Veronika's Vanilla Horns
Warning this receipt is highly addictive and will be appreciated by all. It will make you an instant success with guests, friends family and even strangers. My grandmother did these every christmas and the thing is they get better the longer they can be in the cookie jar, but of course they are too good to last very long in there
This is how you do:
200g butter
300g flour
1 dl caster sugar
110 g almonds
couple of tblsp of oil
Vanilla sugar to cover
In a mixer, blitz the unpeeled almonds to a fine powder. In a bowl mix the butter, almonds and flour and sugar to a consistency ressembling breadcrumbs. On a baking table, combine the mixture with the oil until it forms a dough. Roll out pieces of the dough to thin "sausages" and cut them into ca 5 cm long.Curve them to a horn shape and bake in a medium oven, on a baking parchment, until golden. Once cooled, dust them with vanilla sugar. Then start defending them from eager fingers !
Merry Christmas
Veronika's Lusse Buns
These gorgeous, of saffron smelling, soft yummy yeast buns are traditionally made in Sweden around the 13 of December, when the St Lucia day is celebrated. But they can also, quite happily be eaten all year round, they are that delicious.
Here is how you make them:
Starter:
50g butter
5dl Milk
50g live yeast
1 tsp salt
2 tsp sugar
Making the dough:
ca 1,5 liter flour
Saffron butter:
1g saffron
125g butter
1,5 dl sugar
1 egg
and
1 egg for brushing
Put the milk in a pot an warm it to ca 60 degrees. Take of the pan from the stove and add the butter, let it melt. Crumble the yeast in a bowl and add to it the salt and the sugar. Make sure that the butter and milk is not too hot nor too cold (slighly warmer than body temperature)and pour it iver the yeast mix. Stir to dissolve all yeast and leave to start bubbling.
When it is bubbling away being all alive and resurected, gradiually add the flour (not too much at one time because the yeast will become overwhelm and won't rise). Once the dough has begun to think about getting detached from the bowl sides, cover it, put in a warmish place and leave to rise.

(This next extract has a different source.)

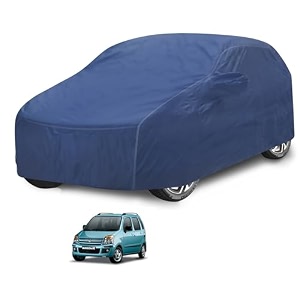 car cover compatible with maruti wagonr model  2000-2018 with mirror pocket water resistant triple stitched wagonr car cover- plain navy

Now start making the saffron butter.
Put all the ingredients, in a bowl and mix together to form a paste. Once the dough has risen to twice the size, put your hands in the bowl and start kneeding it. Little by little add the saffron mix. The dough will be a loose type of dough so do not put it on a baking board as it will then need too much flour. When you have needed in all the saffron, take out small pieces of the dough and form them into longish, thick sausages. Shape them into an S and put them on a greesed, greaseproof paper on a baking tray. Leave to rest and to rise. Before putting them in the oven, for ca 8 min, at 250 degrees C, brush them with a beaten up egg. Once baked, try and not to eat them all at once !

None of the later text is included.